Éditorial

Involution 02 - L’Art-Réalité

L'art est d'abord un moment du réel, il fait partie du réel. Comme un regard en biais sur « les choses de la vie ».
Et quelle est notre réalité ? La crise ! La crise, rengaine lancinante qui semble sans espoir, et c’est sans doute pour cette raison qu’elle est salutaire. En soi, le « moins en moins » nous pousse à poser des actes de plus en plus réfléchis.
En ces temps d’austérité, la Balsa ne renonce à rien de ce qui lui est essentiel et persévère à transmettre ses valeurs fondamentales.
Cette transmission, ce partage sont proposés à travers nos positionnements artistiques, une forme de sobriété heureuse à l’image de ce programme. Toutes les photos ont été commanditées par la Balsamine dans un souci de plaisir des yeux mais, également, parce que ce sont des documents de leur temps, des images qui coïncident avec la vie. Celles-ci ne montrent que des aspects du quotidien avec des héros pudiques en jeux de mains et de regards. La tension naît ici du contraste entre une tranquillité feinte et une secrète activité.
Ici, encore, il faut saluer la qualité de travail de Hichem Dahes oeuvrant sur un glissement particulier de son art photographique : rendre la réalité à son temps, redonner de la perspective au réel, permettre de voir le réel dans une totale expressivité. Dès lors le matériel n’est pas détourné, il est utilisé pour devenir matériau et l’image se fixe sur ses propres limites. Il faut réinvestir l’art parce qu’aujourd’hui, il faut faire vite, faire simple et que cela soit bon et beau.
Maintenant que cet objet est entre vos mains, sachez qu’il vous convoque à :

- 6 créations comme des chroniques de l’infra-ordinaire, une anthropologie de ce qui se passe chaque jour, le banal, l'évident, le commun, le bruit de fond habituel. Une photo et ses détails, un paysage sonore, une géographie de l’immensément grand à l’immensément petit, où le divin cohabite avec l’humain, un voyage où les termes du protocole sont transparents. Un exotisme à portée de main.

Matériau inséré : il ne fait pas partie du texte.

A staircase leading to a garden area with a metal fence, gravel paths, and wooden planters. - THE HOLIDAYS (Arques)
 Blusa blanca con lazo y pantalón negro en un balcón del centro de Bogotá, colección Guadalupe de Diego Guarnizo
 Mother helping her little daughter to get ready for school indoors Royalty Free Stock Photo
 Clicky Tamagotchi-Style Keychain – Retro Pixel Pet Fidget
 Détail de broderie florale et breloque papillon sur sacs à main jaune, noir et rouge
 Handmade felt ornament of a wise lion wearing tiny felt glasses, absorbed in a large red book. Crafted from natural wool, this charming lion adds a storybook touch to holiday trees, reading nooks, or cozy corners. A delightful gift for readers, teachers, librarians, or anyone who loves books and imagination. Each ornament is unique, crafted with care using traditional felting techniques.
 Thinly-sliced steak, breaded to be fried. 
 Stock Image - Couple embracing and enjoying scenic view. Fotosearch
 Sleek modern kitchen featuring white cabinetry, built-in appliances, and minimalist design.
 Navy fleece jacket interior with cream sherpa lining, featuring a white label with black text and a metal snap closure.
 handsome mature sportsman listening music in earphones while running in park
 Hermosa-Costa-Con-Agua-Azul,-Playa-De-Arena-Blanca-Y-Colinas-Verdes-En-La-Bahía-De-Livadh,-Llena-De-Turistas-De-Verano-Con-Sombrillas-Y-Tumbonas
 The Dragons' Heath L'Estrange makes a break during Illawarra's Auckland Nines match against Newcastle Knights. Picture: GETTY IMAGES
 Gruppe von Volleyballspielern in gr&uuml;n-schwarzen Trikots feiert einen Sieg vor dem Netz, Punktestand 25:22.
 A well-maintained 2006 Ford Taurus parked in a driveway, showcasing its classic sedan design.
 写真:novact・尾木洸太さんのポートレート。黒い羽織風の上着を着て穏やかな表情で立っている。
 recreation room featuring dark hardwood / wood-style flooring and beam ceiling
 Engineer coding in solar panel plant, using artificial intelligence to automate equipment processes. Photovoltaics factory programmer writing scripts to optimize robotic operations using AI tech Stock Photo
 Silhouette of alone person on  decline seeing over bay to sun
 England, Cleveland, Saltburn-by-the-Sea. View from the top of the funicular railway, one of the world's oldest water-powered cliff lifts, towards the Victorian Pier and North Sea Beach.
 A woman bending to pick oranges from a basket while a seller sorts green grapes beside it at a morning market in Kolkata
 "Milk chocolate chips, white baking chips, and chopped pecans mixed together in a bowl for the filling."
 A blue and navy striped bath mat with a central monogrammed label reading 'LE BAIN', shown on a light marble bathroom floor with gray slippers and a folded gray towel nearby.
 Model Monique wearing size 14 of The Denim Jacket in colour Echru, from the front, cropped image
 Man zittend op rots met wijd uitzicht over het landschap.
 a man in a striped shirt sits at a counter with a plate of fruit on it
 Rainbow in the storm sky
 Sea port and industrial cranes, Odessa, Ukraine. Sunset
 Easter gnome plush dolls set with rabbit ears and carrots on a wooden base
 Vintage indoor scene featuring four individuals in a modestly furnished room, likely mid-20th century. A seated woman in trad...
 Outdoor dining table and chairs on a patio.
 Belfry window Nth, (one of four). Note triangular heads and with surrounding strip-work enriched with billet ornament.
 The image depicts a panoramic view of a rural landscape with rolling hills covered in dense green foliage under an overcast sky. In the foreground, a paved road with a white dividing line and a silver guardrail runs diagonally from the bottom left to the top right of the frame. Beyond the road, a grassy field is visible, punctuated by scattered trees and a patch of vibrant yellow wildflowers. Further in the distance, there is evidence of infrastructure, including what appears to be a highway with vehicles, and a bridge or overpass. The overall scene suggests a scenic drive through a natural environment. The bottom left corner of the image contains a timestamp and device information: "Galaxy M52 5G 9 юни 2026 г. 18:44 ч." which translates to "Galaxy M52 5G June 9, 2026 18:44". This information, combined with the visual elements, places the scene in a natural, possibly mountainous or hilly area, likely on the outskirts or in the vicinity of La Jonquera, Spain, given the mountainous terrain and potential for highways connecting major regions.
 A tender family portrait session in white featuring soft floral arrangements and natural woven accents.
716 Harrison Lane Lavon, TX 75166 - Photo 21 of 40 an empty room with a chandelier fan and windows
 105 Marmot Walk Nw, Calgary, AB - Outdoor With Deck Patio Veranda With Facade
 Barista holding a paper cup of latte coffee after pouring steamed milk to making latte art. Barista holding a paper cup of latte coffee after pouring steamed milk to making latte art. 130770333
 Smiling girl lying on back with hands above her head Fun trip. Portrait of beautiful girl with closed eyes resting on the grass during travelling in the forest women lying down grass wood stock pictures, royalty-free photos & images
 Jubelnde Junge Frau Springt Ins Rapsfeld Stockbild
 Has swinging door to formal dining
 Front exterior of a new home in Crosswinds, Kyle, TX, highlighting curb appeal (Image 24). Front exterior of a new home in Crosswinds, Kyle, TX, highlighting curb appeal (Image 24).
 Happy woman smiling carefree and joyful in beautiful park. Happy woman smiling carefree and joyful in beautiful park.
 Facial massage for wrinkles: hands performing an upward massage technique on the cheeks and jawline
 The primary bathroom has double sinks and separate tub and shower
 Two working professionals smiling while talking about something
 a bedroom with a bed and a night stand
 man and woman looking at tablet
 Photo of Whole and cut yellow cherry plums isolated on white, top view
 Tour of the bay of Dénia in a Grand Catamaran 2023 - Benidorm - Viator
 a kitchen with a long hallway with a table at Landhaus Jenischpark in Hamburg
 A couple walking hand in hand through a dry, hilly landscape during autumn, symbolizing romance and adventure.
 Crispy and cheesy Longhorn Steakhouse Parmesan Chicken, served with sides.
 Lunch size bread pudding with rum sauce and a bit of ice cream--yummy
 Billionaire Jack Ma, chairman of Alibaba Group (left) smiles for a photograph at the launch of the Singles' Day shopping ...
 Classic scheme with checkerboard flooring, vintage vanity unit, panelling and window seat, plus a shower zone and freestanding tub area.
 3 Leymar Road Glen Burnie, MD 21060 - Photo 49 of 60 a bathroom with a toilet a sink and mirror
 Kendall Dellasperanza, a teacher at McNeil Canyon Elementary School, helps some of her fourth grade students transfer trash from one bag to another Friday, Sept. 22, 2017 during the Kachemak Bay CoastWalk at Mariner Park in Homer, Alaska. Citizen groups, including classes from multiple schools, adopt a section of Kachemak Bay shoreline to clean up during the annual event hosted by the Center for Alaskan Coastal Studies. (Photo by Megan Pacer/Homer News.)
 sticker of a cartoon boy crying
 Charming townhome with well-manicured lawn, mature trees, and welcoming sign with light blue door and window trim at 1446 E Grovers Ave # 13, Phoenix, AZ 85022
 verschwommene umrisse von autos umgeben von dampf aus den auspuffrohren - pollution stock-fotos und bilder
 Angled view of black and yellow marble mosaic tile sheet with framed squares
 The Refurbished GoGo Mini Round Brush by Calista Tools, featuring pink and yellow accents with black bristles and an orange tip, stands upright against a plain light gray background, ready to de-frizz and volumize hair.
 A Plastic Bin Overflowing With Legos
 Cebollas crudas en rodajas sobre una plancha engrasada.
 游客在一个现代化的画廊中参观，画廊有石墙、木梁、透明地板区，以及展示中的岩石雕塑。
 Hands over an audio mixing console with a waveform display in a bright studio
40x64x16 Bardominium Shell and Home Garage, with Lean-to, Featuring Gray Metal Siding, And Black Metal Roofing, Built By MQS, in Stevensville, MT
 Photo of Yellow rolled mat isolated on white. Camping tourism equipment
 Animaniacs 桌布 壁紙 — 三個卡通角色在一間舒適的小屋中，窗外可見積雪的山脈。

- 5 « bootstraps », soit 9 soirs de rendez-vous performatifs, sortes de chaos où les artistes puisent leur énergie pour faire émerger, de façon cosmique, un univers qui leur est propre.

- Plusieurs immersions dans le processus créatif - « lundis Bla-Bla Balsa » et « Aftershow » – révélant ce que l’on donne à voir, ce que l’on peut montrer. En prime et, cerise sur le gâteau, un projet pédagogique inédit qui renforce cette dynamique de la nécessité. Nous vous invitons d’ailleurs à nous contacter pour en prendre connaissance et pour en jouir.
Votre participation à la vie du théâtre peut prendre librement diverses formes : logorrhée, silence, ou encore, un état de présence comme un principe d’identité, d’acte démocratique.
La Balsamine se vit comme un espace collectif, public et artistique, une source d’énergie à l’état pur, comme les vagues sur la mer et l’eau dessous, avec un effet spontanément antigravitationnel et revigorant. Une maison accessible à tous et dont la politique tarifaire n’est pas là pour le démentir.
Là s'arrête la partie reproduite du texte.